Source data

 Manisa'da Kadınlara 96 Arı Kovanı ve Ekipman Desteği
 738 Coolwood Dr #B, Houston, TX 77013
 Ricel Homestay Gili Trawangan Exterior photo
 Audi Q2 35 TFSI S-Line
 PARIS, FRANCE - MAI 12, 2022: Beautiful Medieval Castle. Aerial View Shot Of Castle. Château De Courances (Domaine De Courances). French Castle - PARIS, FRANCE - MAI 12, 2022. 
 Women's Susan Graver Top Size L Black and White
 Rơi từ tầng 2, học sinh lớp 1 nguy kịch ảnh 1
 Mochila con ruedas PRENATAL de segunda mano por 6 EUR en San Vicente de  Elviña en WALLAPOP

Brief
Give back all of the data above without any alteration.

Answer below
 Manisa'da Kadınlara 96 Arı Kovanı ve Ekipman Desteği
 738 Coolwood Dr #B, Houston, TX 77013
 Ricel Homestay Gili Trawangan Exterior photo
 Audi Q2 35 TFSI S-Line
 PARIS, FRANCE - MAI 12, 2022: Beautiful Medieval Castle. Aerial View Shot Of Castle. Château De Courances (Domaine De Courances). French Castle - PARIS, FRANCE - MAI 12, 2022. 
 Women's Susan Graver Top Size L Black and White
 Rơi từ tầng 2, học sinh lớp 1 nguy kịch ảnh 1
 Mochila con ruedas PRENATAL de segunda mano por 6 EUR en San Vicente de  Elviña en WALLAPOP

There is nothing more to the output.